Читать «Контрольные отпечатки» онлайн - страница 93

Михаил Айзенберг

– Это венгерское шампанское «Талисман». Гаевский говорит, что у него вкус шампанского. Его надо выпить без тостов, каждый за себя. Это я вам каждому оставляю по талисману… А что вы, Лариса, на меня так смотрите? Вы, я чувствую, хотите запечатлеть в сердце мой светлый образ. Я вам вот что посоветую: на последнем «четверге» один Мишин товарищ пытался меня фотографировать. Я всячески сопротивлялся, и за счет этого фотографии получились, как говорят, удачные. Закажите экземпляр!

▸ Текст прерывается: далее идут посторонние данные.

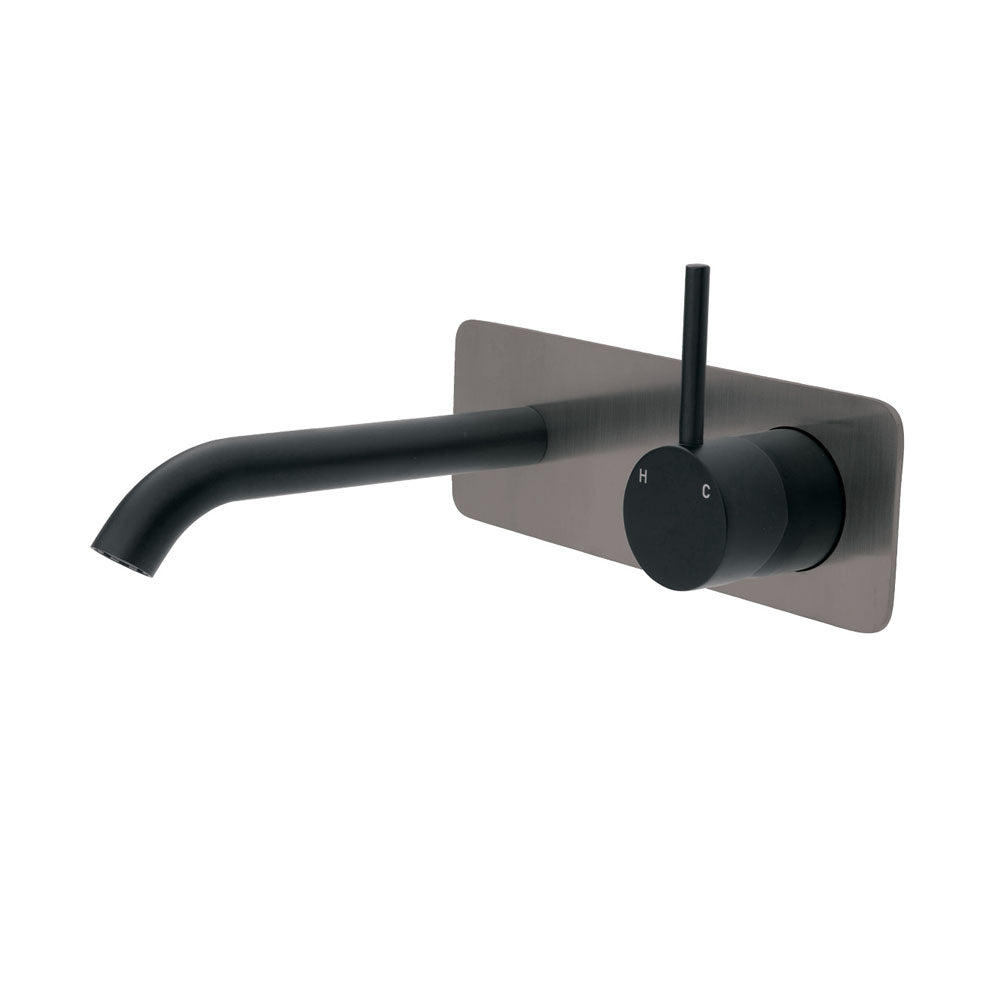 Fienza Kaya Up Wall Basin/Bath Mixer Set - Matte Black - Gun Metal Square Plate - 160mm Outlet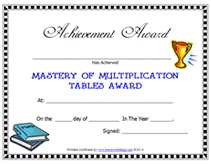math mastery multiplication tables certificate template
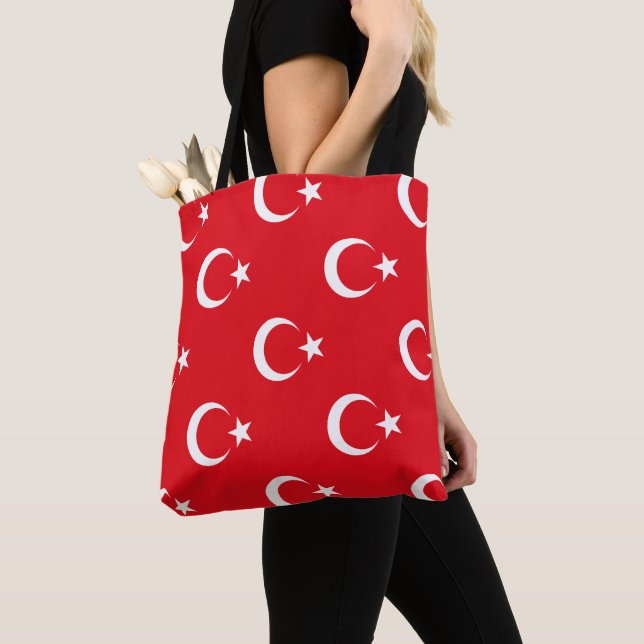 Turkiet Flagga Tygkasse (Närbild)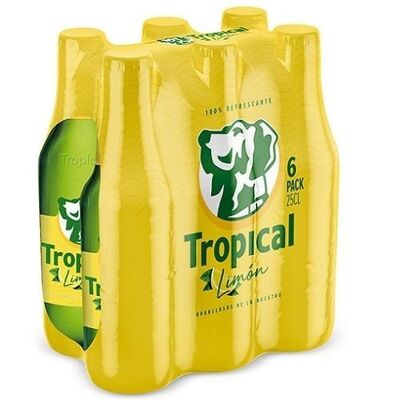 Packung mit 6 Cervezas Tropical Limón - Compañía Cervecera de Canarias 25 cl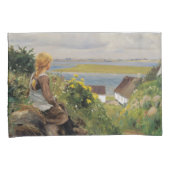 Housse D'oreillers Fille perdue dans la pensée (par H.A. Brendekilde) (devant-Droit)
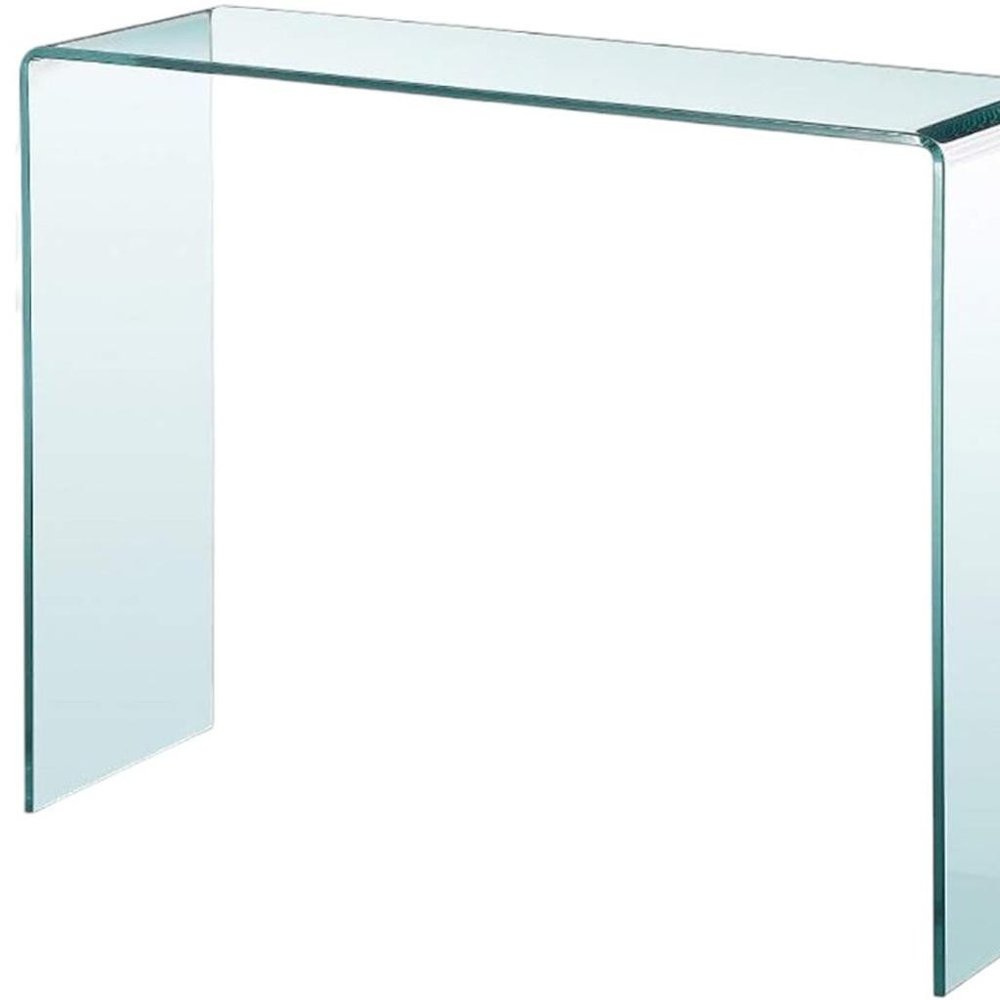 43" Clear Glass Frame Console Table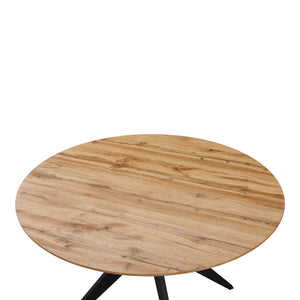 Τραπέζι Toda  mdf σε sonoma απόχρωση με μαύρα μεταλλικά πόδια Φ120x75εκ - Pakobazaar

Потом Лариса уехала по делам, уехала и Лена, но скоро вернулась – не одна.

– Ну, Павел, ты узнаешь этого человека?

– Конечно! Это Гафт.

В первые минуты ПП оживился и даже как будто обрадовался неожиданному гостю. Начал выговаривать (нет, скорее наговаривать) устную прозу в обычной, довольно экстравагантной манере: резко поворачивался от одного слушателя к другому и кончиками пальцев, изгибая кисть, подтягивал полузакатанные рукава. Никулин щурился, зажав рукой нижнюю челюсть, показывая, что все понимает и многое вспоминает.

Но Улитин быстро выдохся, а Саша помалкивал. Тогда в разговор вступил Никулин, и это было ошибкой.

– А помните, Пашенька, ты (вы) дал (дали) мне в кафе листок: там на одной стороне «Еретик» Мачадо в переводе Ильи Григорьевича Эренбурга, а на другой – что? Я могу вспомнить начало, но что это было?

– С ума сошел. Это ж сколько лет прошло!

Все он, я думаю, помнил. Помнил, по крайней мере, что никакой это не перевод Эренбу рга. Но странный этот разговор поддерживать не хотел. А новый гость все-таки понял, что они «на вы».

– Ну, Пашенька, зачем вы так? Я думал, уж вы-то вспомните, – там еще красным было напечатано, а все зелененькое.

– Так красненькое или зелененькое?

– Сначала красным, а потом почему-то переходило в зеленое. Такая копирка.

– В жизни не было у меня такой копирки.

– Это моя была копирка, – не выдержал Асаркан, – ты на моей машинке печатал.

– Не помню. Но вот мое знакомство с Асарканом тридцать лет назад действительно началось с того, что он читал стихи Гильена в переводе Эренбурга: ам-мериканский м-моряк… в харчевне порта… Показал. Мне. Кулак. Это надо произносить очень быстро: ивотонваляетсям-мертвый-ам-мериканскийморяк…

– Вот каких мемуаристов я после себя оставляю. И это еще что! Тут Иоэльс и Вадик Паперный оформляли выставку в Литературном музее – под руководством одного известного дизайнера. И он им – не зная про их знакомство со мной – рассказывает: «Был такой Асаркан, он уже давно уехал. Вот был критик! Ничего не знает, постановку не видел, пьесы не читал, но за пятнадцать минут до сдачи приносят ему сто грамм коньяка, он садится, и р-раз – готова рецензия! И главное: все в точку. Вот какой был критик! Ухаживал за моей женой». С его женой я действительно был отчасти знаком.

Никулин вернул разговор к листочкам и книгам, но ПП его оборвал:

– Это все прошло. Это неинтересно. Да вы понимаете, наконец, что он уезжает навсегда? А я остаюся с тобою.

Асаркан дернулся.

– Что за «навсегда»? Все еще начнется снова, будут всякие поездки туда-сюда… Нет никакого «навсегда». Идет одна жизнь, потом начнется другая.